The EEA countries do actually participate in the shaping of European regulations and directives through expert committees and through the EEA joint committee. You also have the EFTA court. These are well established institutions, whereas with an association agreement you have far less of a stake and far weaker leverage, in terms of the actual making and shaping of the acquis.

Guy Verhofstadt: My answer to this is that the association agreement has an enormous flexibility. You can put a lot of fields in it or only limit yourself to one or another field.

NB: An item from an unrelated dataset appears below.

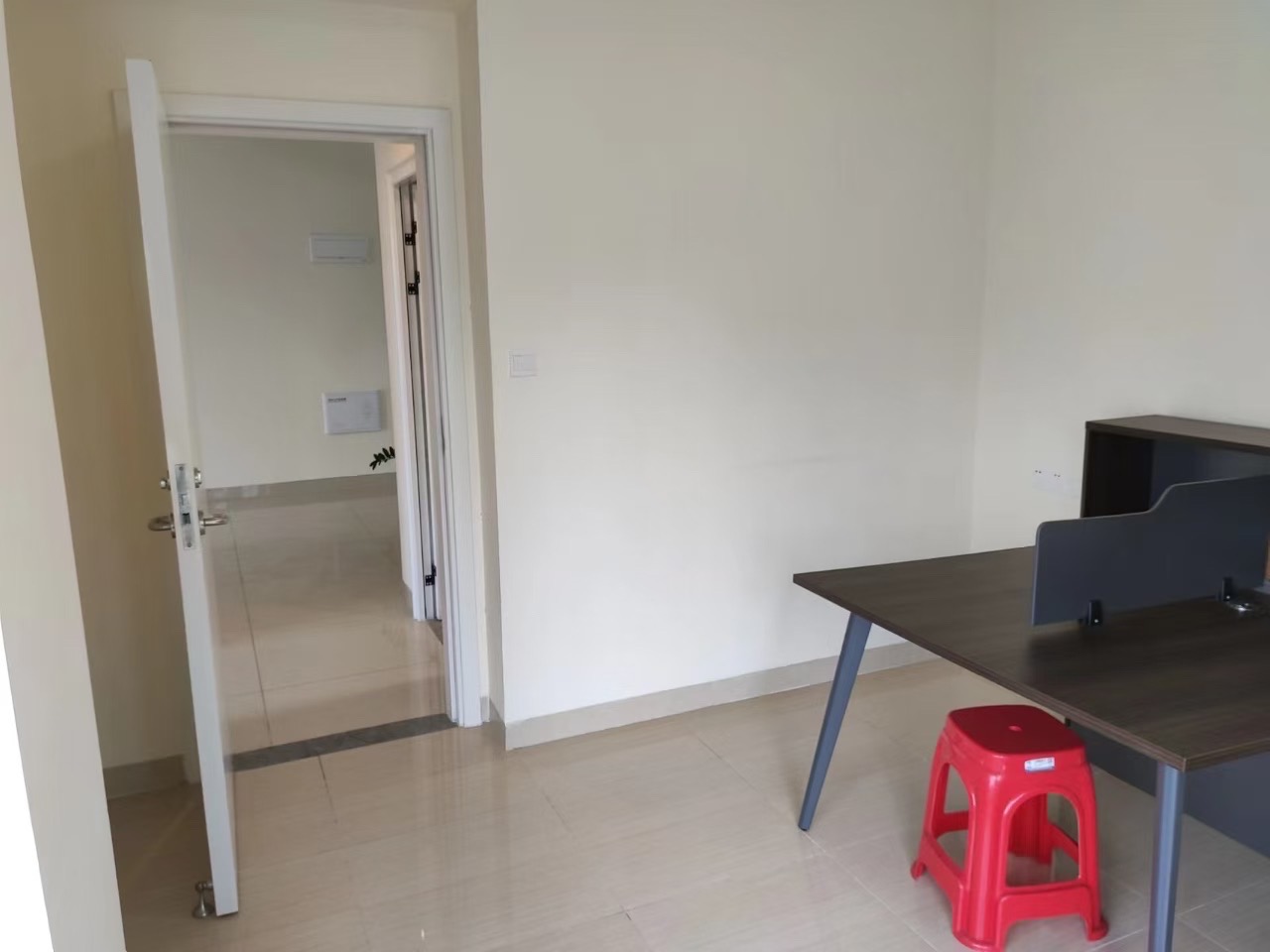 龙昆悦城 2室1厅1卫 2500.0元/月 龙昆悦城 2室1厅1卫 2500.0元/月室内图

Second, you will put in place a governance system where we will have a governance structure between the UK and the EU on senior level, on ministerial level and on leadership level. It will be a bespoke system where we will have two times a year, one time a year—I do not know—a summit between the EU and the UK, or we have joint association councils between Ministers, British Ministers and EU Ministers responsible for the European Union, governing that agreement, and at the same line on the level of senior officials. It is not possible to compare it immediately, saying, “It is that type or that type of influence that the UK side will have”. It is bespoke.

Stephen Kinnock: What you are setting out sounds very attractive in terms of its bespoke nature. Do you think that it is realistic that we would have the leverage, given how little time there is and how much goodwill has been burned already, to create something new—to, if you like, pull a rabbit out of the hat?

I think that is what you are suggesting really: that is you can have a very wide-ranging association agreement in draft format in the political declaration, and that Members of Parliament here would then be expected to vote for that, in the hope that we would then be able to strike a deal that both gives us the kind of access to the single market that we want but also deals with this issue of sovereignty and being a rule-maker or rule-taker. What you are talking about here sounds attractive but vague.

Guy Verhofstadt: It is not a rabbit out of the hat now. I should say the rabbit is already a long time out of the hat, because we have already, months and months and months ago, said that an association agreement was the way forward; that is the first thing. Secondly, we are very precise in our resolution of how it would work. Yesterday, in this intervention in Vienna before the Fundamental Rights Agency, I gave more details about the governance structure of such an agreement.

If you go along that line, the main attractive point is that you have then a system where you have one governance and one ratification cycle to manage all this, instead of what, in my opinion, would be a disaster. That is that we follow the Swiss example in our future relationship and we are making 10, 20 or—I do not know—100 deals. Some are mixed, others not mixed, and we would enter into a period of two types of uncertainty about the ratification of all this. We are law-makers. You are law-makers. We need to be very prudent on that. We need to have a system that works from day one. There the association agreement solves it, but it does not solve all the problems.

We still need to have a discussion on how far co-operation on trade and economic matters will go. There, you have the different types and proposals and possibilities that you have mentioned in your intervention. It does not solve all the problems but it creates an understandable and comprehensive framework in which, in my opinion, it will be easier for both parties to come to a conclusion, rather than turning around the principles and turning round, little rounds, around the red lines.

Stephen Kinnock: I have one final question. Have you received any specific feedback on that proposal from the UK Government?

Guy Verhofstadt: I am told that a number of people see the advantage of it and the logic behind it. As you are, I am waiting for the White Paper from the Government to see if it has made any progress.